[Collected data entries]
------

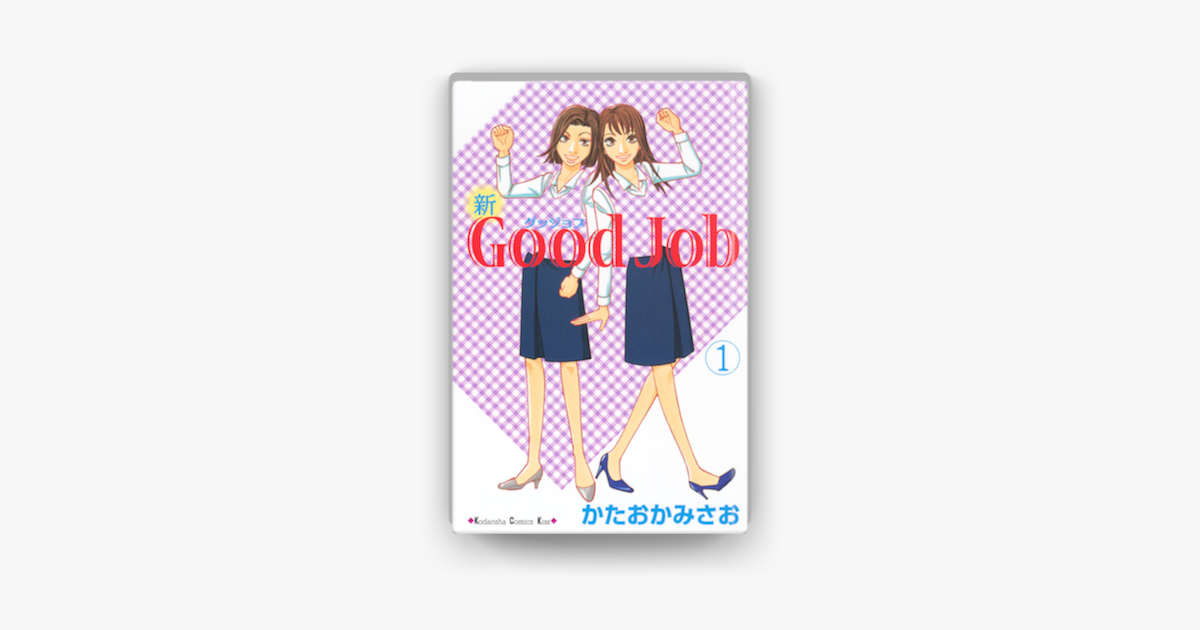 Apple Booksで新good Job グッジョブ 01 を読む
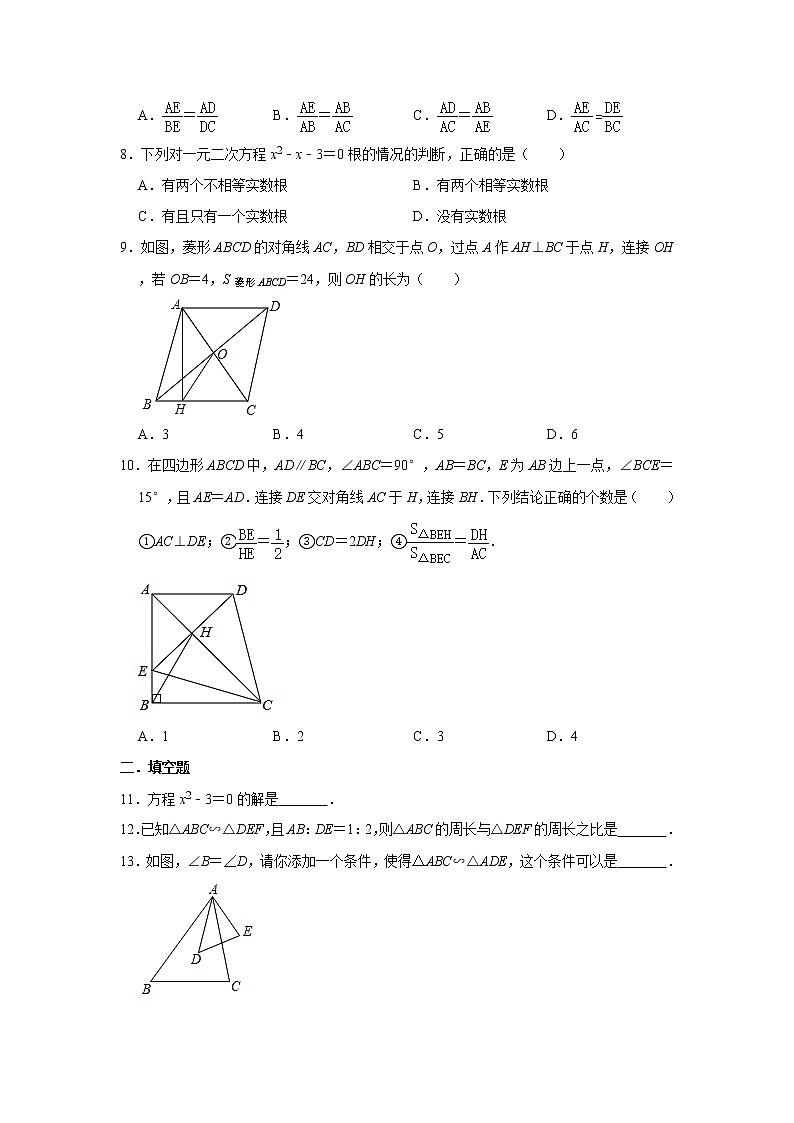 北师大版九年级上册期中复习训练题 解析版02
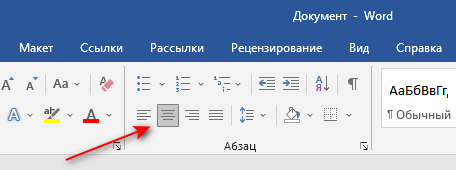 Как выровнять текст в Word — 5 способов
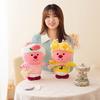 Animal Plush Loopy Soft Short Fur Pp Cotton Filling For Children Gift Dolls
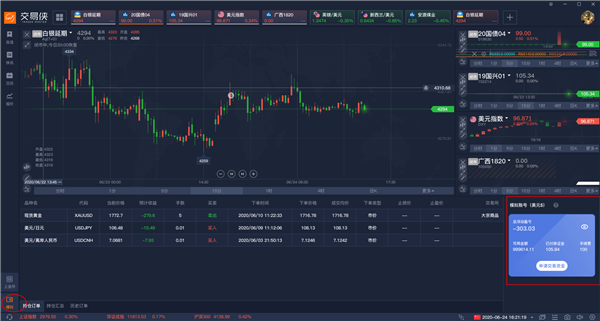 模拟帐号界面截图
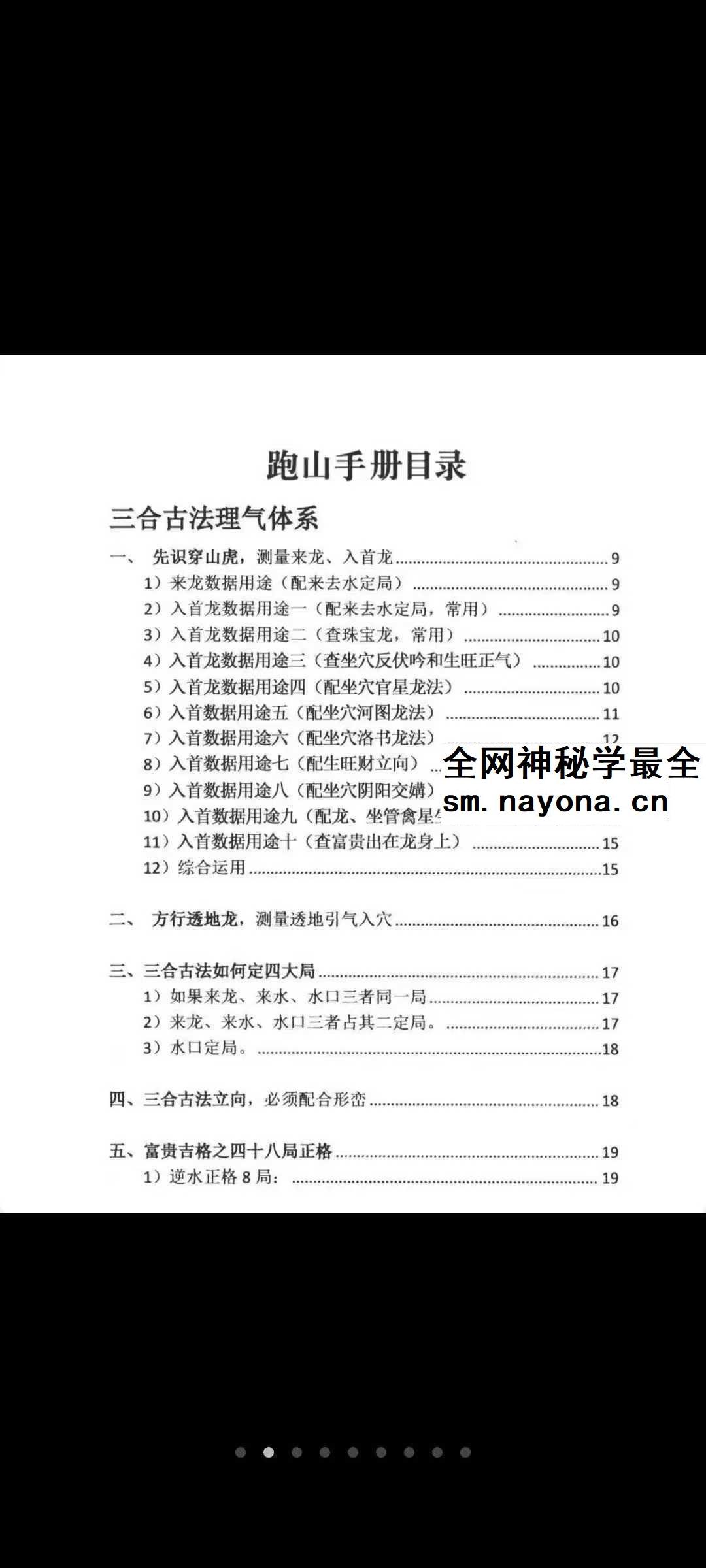 三合古法、行山手册《跑山手册》江湖风水形恋师傅亲传260页
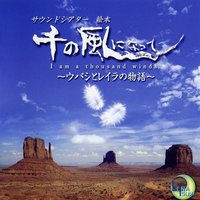サウンドシアター ドラマCD 千の風になって~ウパシとレイラの物語~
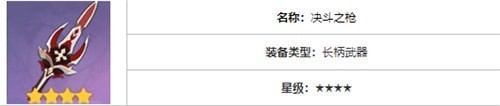 原神魈适合什么武器 原神魈的武器推荐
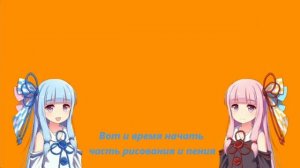 САКАСАКАБАМБАМБАСПИСПИС (на русском) 「サカサカバンバンバスピスピス」【Kuto Eien】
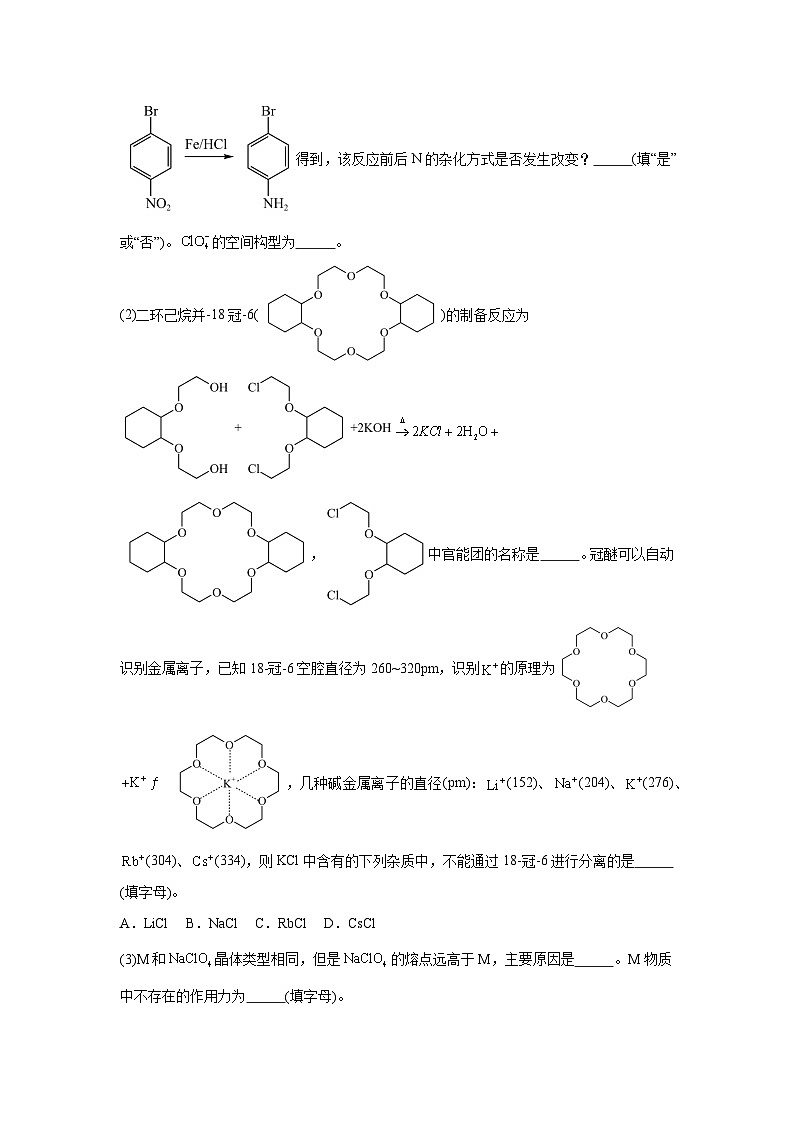 2025届高三化学二轮复习- 物质结构与性质 讲义与练习第3页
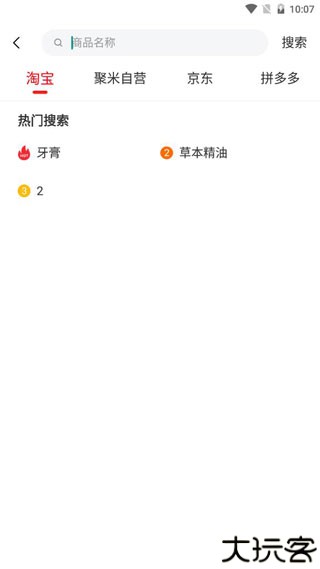 聚米团
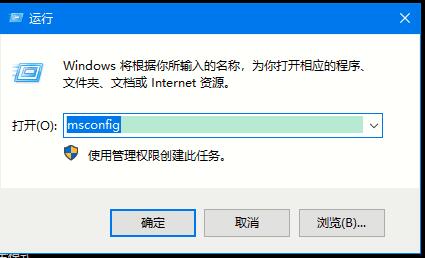 win10电脑安全模式怎么退出 win10电脑安全模式退出方法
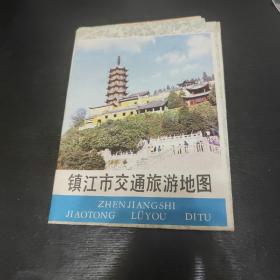 镇江市交通旅游地图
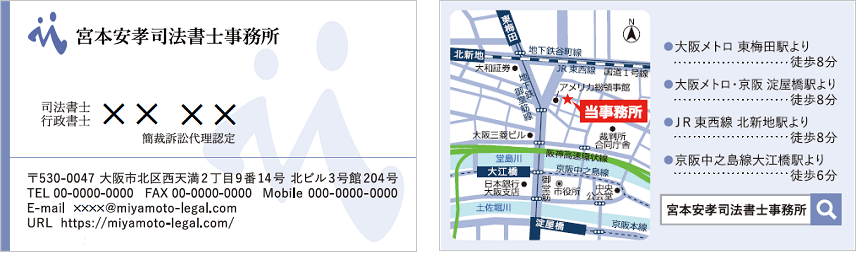 司法書士の名刺デザイン制作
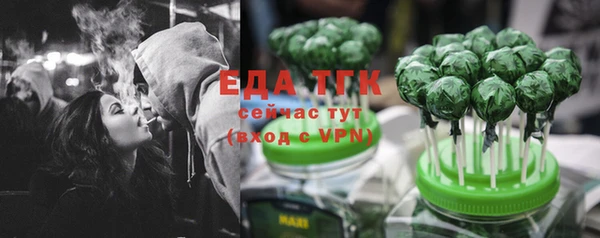 скорость Алексин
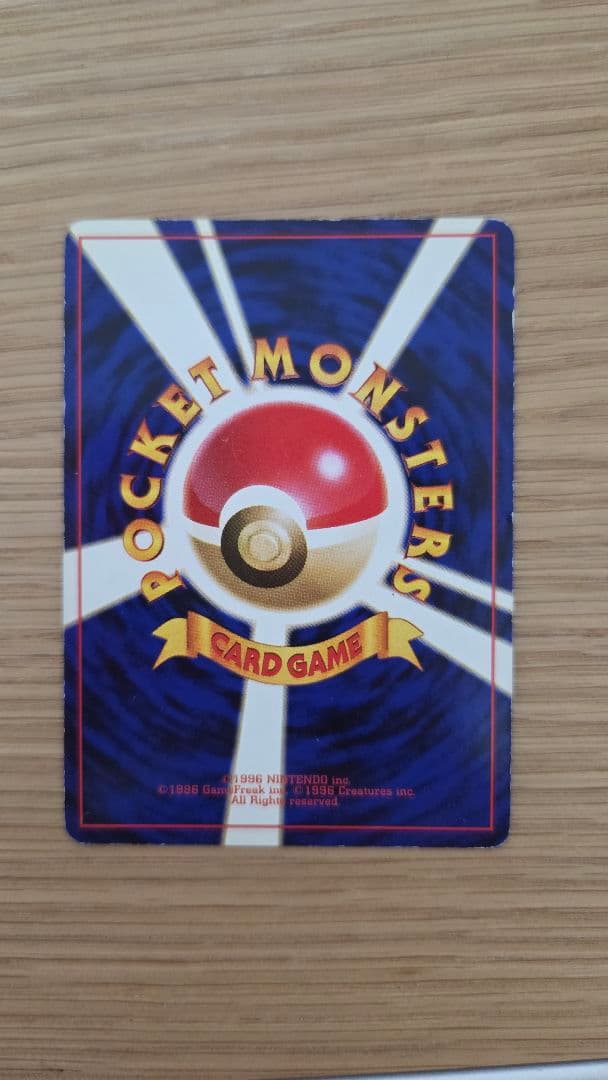 【旧裏】フシギバナ とりかえっこプリーズキャンペーン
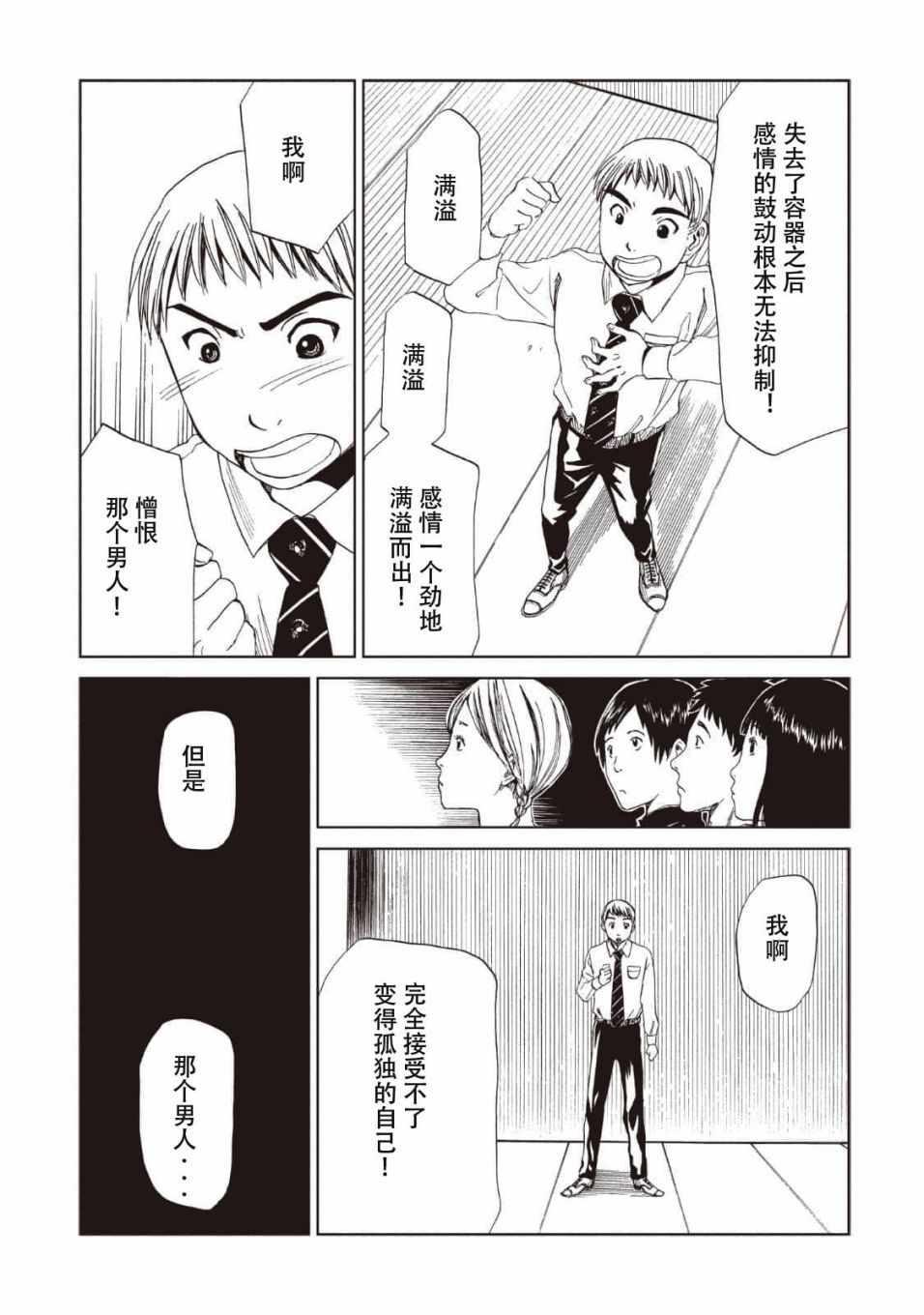 第13话34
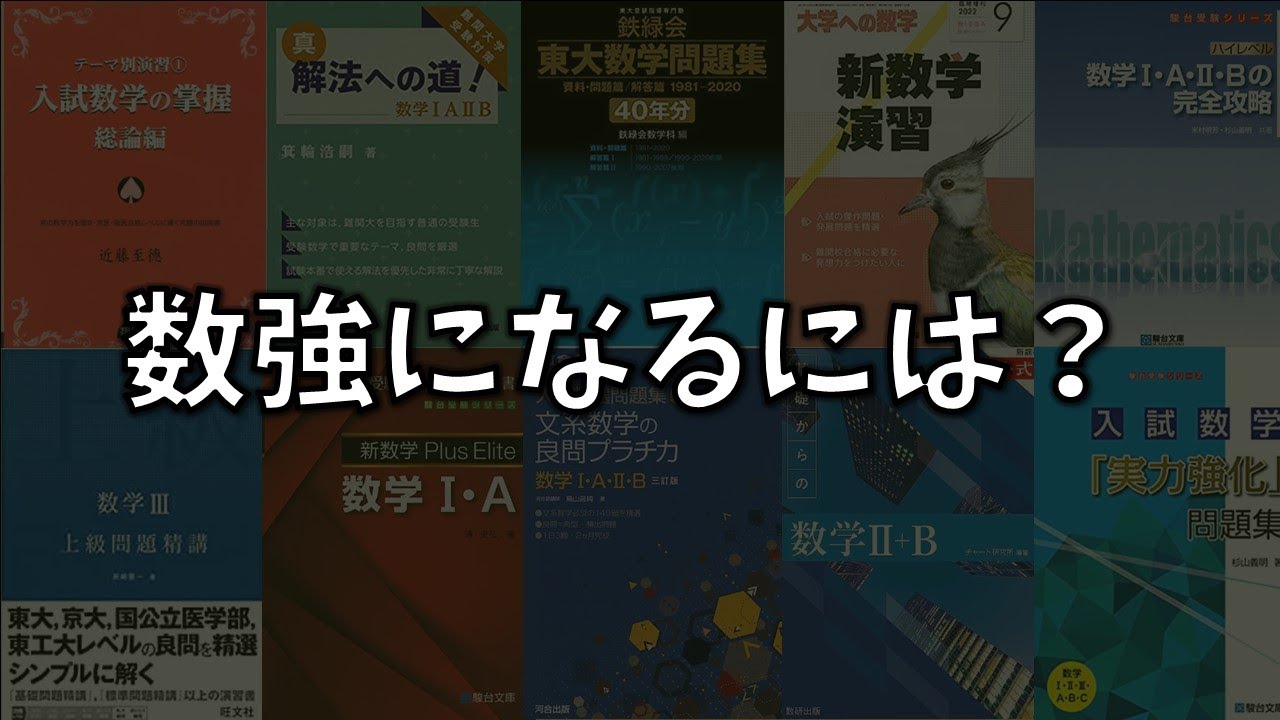 How to become a numerical powerhouse? [Anyone can do it] - YouTube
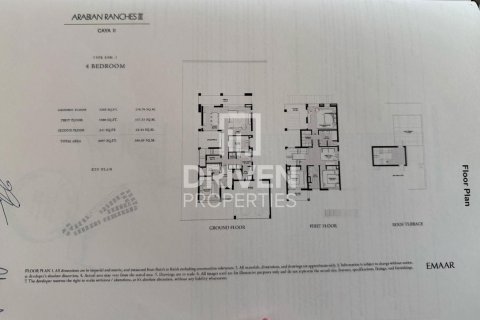 Villa de 4 chambres à Caya, UAE No. 83878 12
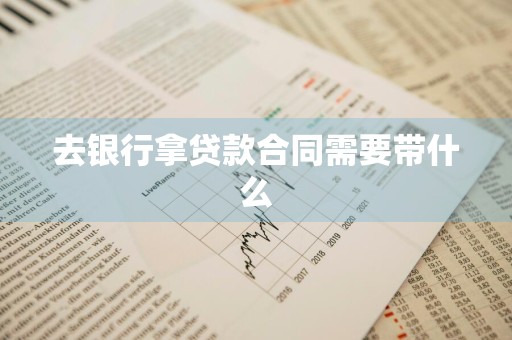 去银行拿贷款合同需要带什么
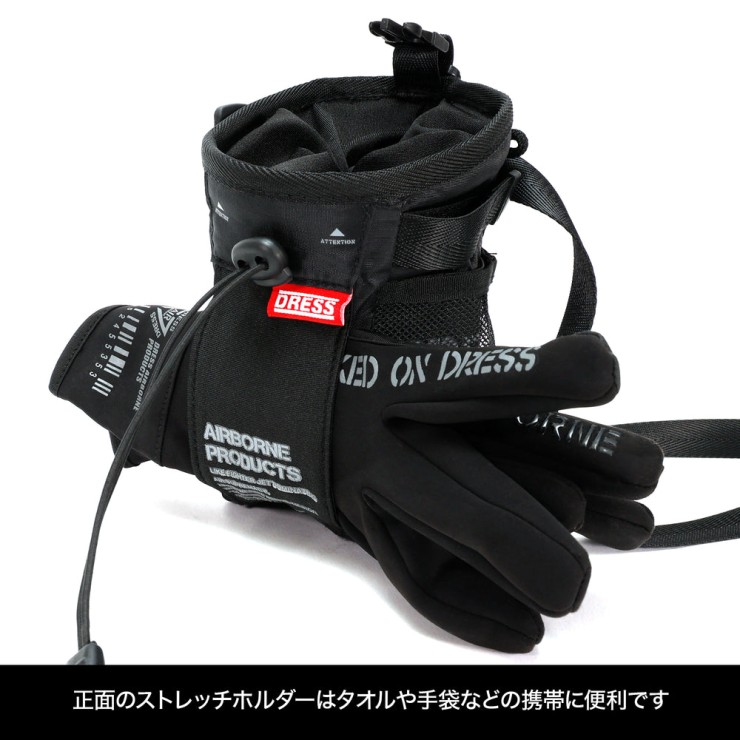 Сумка Dress Tactical Chalk Bag Black, One Size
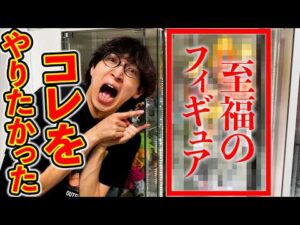【一番くじ】最高の高額フィギュアをケースに並べたら幸せすぎた。（一番くじ、ドラゴンボール、フィギュア）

------

- [About this task]: Exactly the lines above from the one that contains "САКАСАКАБАМБАМБАСПИСПИС (на русском)" down to the one that contains "Villa de 4 chambres à Caya, UAE No. 83878 12" are to be output, both ends kept and pictures omitted.

- [Answer]:
 САКАСАКАБАМБАМБАСПИСПИС (на русском) 「サカサカバンバンバスピスピス」【Kuto Eien】
 2025届高三化学二轮复习- 物质结构与性质 讲义与练习第3页
 聚米团
 win10电脑安全模式怎么退出 win10电脑安全模式退出方法
 镇江市交通旅游地图
 司法書士の名刺デザイン制作
 скорость Алексин
 【旧裏】フシギバナ とりかえっこプリーズキャンペーン
 第13话34
 How to become a numerical powerhouse? [Anyone can do it] - YouTube
 Villa de 4 chambres à Caya, UAE No. 83878 12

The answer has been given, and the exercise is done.